** Action item **
Give back every entry exactly as it is written, but not the pictures.

** Brief descriptive captions **

┌──

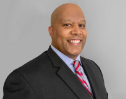 Smiling man in a suit and tie, positioned against a gray backdrop.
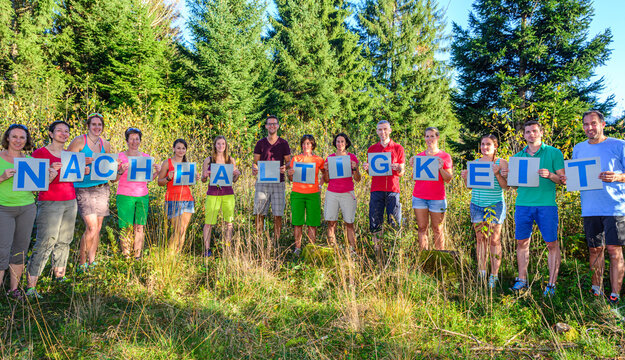 Gruppe formt bei einem Coaching-Seminar mit Einzelbuchstaben einen aktuellen Begriff - das Wort Nachhaltigkeit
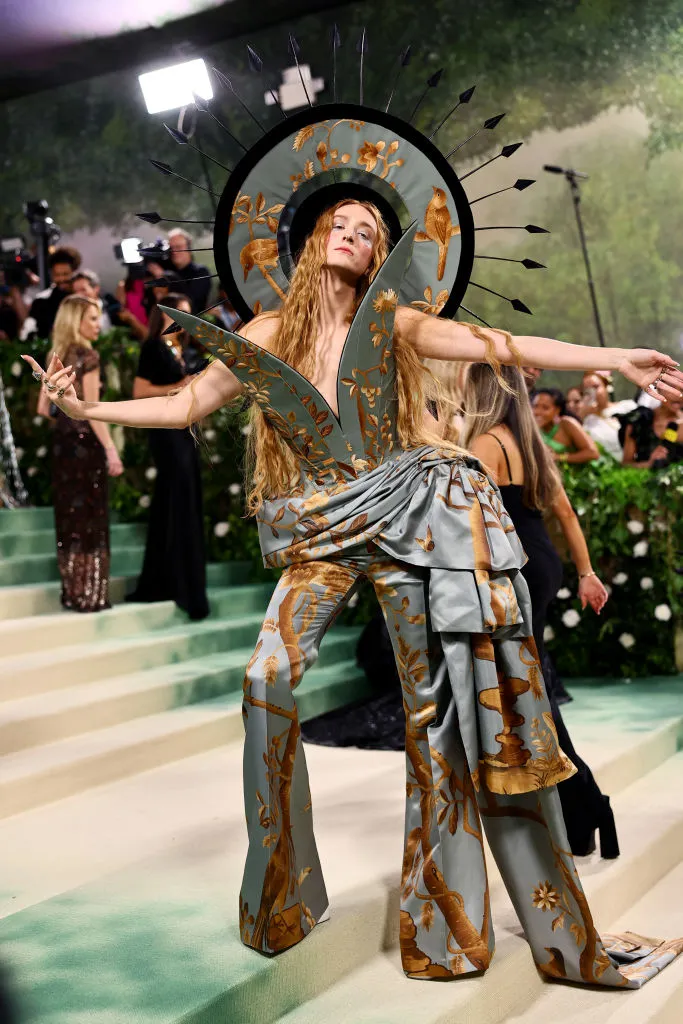 The image depicts a Harris Reed  at the Met Gala 2024 event, striking a dynamic pose in an artistically themed outfit. She wears a light gray ensemble with wide-leg trousers and a structured top, both adorned with golden botanical prints. The standout feature of her attire is a large circular halo-like headpiece with spokes, matching her outfit's color and theme, creating a sunburst effect. Her long blonde hair flows freely, and her arms are outstretched, adding to the dramatic flair of her presentation. The setting is bustling with onlookers and photographers capturing her moment, emphasizing the spectacle and grandeur of the occasion.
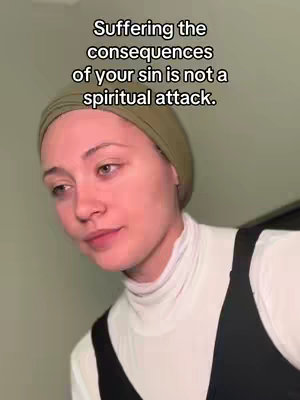 A woman with light skin and dark hair wears a white turtleneck and a black sleeveless top. She has a light olive headscarf. The background has a wall with a grey color. White text is overlaid at the top, with an emotional expression.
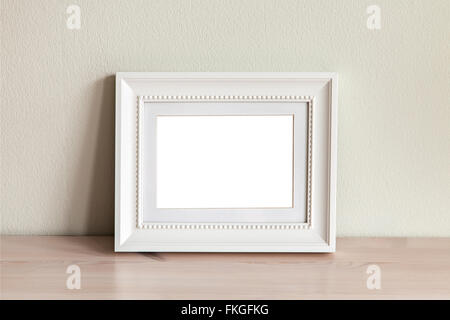 Image of an ornate white frame mockup scene. Stock Photo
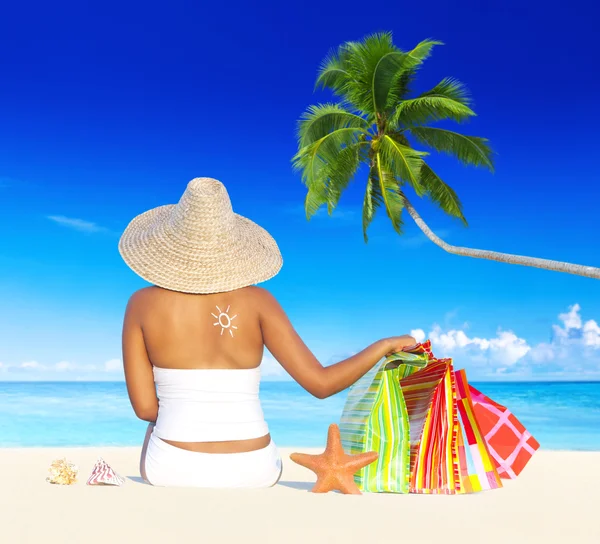 Woman by the Beach with Shopping Bags — Stock Photo, Image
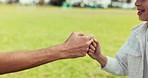 Fist bump, greeting of father and child for love, trust and solidarity outdoor at park. Hands together, closeup of dad and kid meeting for family support, healthy relationship or connection in nature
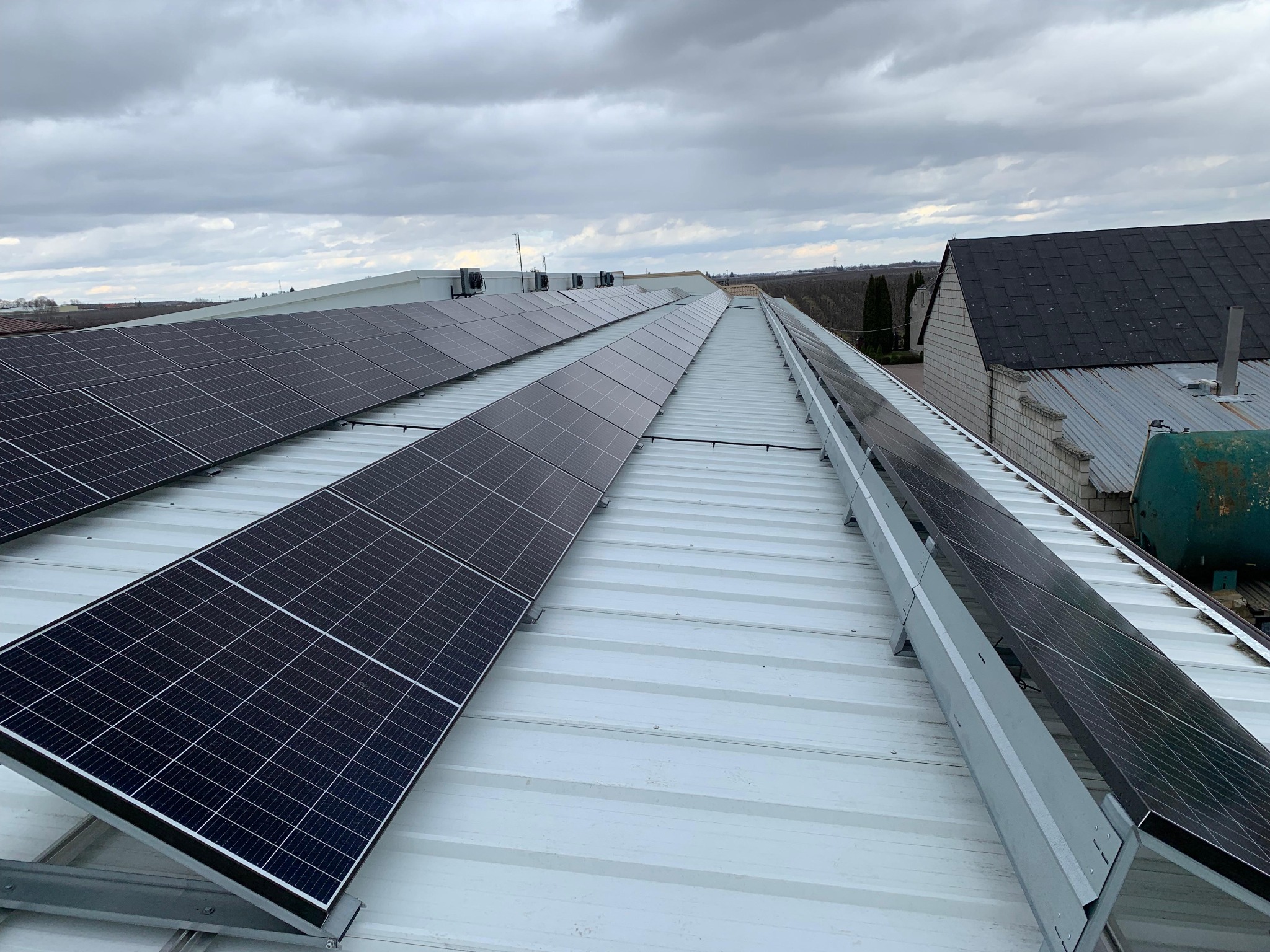 Rząd paneli słonecznych na blaszanym dachu budynku gospodarczego w pochmurny dzień. Widok z góry, panele zamontowane na metalowych konstrukcjach.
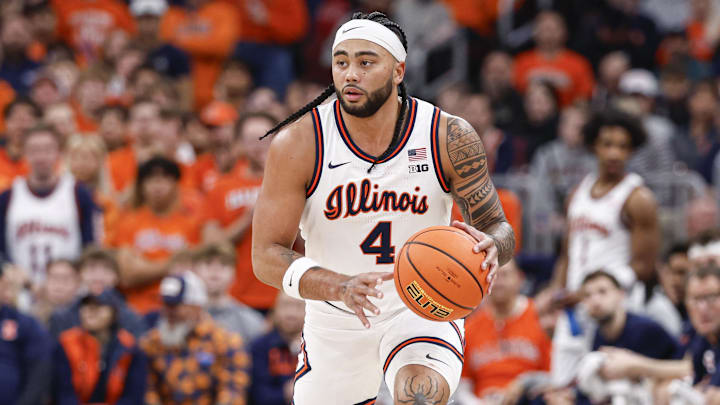 Nov 19, 2025; Chicago, Illinois, USA; Illinois Fighting Illini guard Kylan Boswell (4) brings the ball up court against the Alabama Crimson Tide during the first half at United Center. Mandatory Credit: Kamil Krzaczynski-Imagn Images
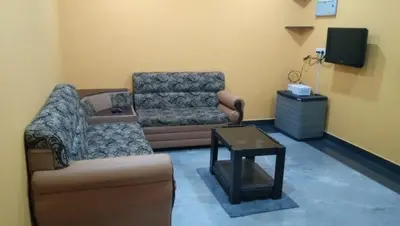 a living room with a couch and a coffee table at Charis Guest house near Guruvayur, Kunnamkulam in Kunnamkulam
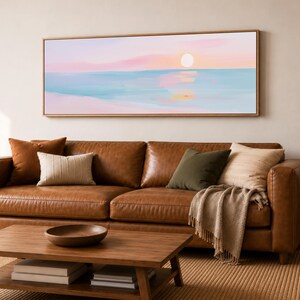 May include: A panoramic landscape painting in a light wood frame depicting a sunset over a calm ocean. The artwork features soft pastel hues of pink, peach, and light blue, with a pale sun reflecting on the water surface above a sandy beach.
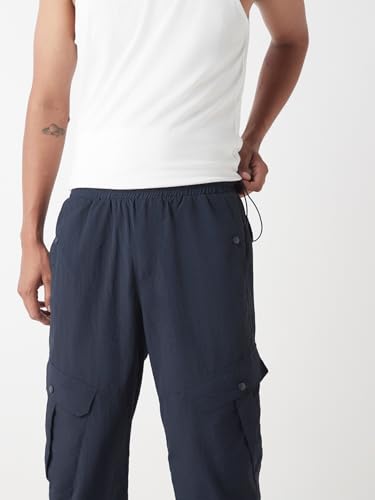 Image of Bewakoof Men's Solid Super Loose Fit Nylon Joggers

└──

** Your solution **
 Smiling man in a suit and tie, positioned against a gray backdrop.
 Gruppe formt bei einem Coaching-Seminar mit Einzelbuchstaben einen aktuellen Begriff - das Wort Nachhaltigkeit
 The image depicts a Harris Reed  at the Met Gala 2024 event, striking a dynamic pose in an artistically themed outfit. She wears a light gray ensemble with wide-leg trousers and a structured top, both adorned with golden botanical prints. The standout feature of her attire is a large circular halo-like headpiece with spokes, matching her outfit's color and theme, creating a sunburst effect. Her long blonde hair flows freely, and her arms are outstretched, adding to the dramatic flair of her presentation. The setting is bustling with onlookers and photographers capturing her moment, emphasizing the spectacle and grandeur of the occasion.
 A woman with light skin and dark hair wears a white turtleneck and a black sleeveless top. She has a light olive headscarf. The background has a wall with a grey color. White text is overlaid at the top, with an emotional expression.
 Image of an ornate white frame mockup scene. Stock Photo
 Woman by the Beach with Shopping Bags — Stock Photo, Image
 Fist bump, greeting of father and child for love, trust and solidarity outdoor at park. Hands together, closeup of dad and kid meeting for family support, healthy relationship or connection in nature
 Rząd paneli słonecznych na blaszanym dachu budynku gospodarczego w pochmurny dzień. Widok z góry, panele zamontowane na metalowych konstrukcjach.
 Nov 19, 2025; Chicago, Illinois, USA; Illinois Fighting Illini guard Kylan Boswell (4) brings the ball up court against the Alabama Crimson Tide during the first half at United Center. Mandatory Credit: Kamil Krzaczynski-Imagn Images
 a living room with a couch and a coffee table at Charis Guest house near Guruvayur, Kunnamkulam in Kunnamkulam
 May include: A panoramic landscape painting in a light wood frame depicting a sunset over a calm ocean. The artwork features soft pastel hues of pink, peach, and light blue, with a pale sun reflecting on the water surface above a sandy beach.
 Image of Bewakoof Men's Solid Super Loose Fit Nylon Joggers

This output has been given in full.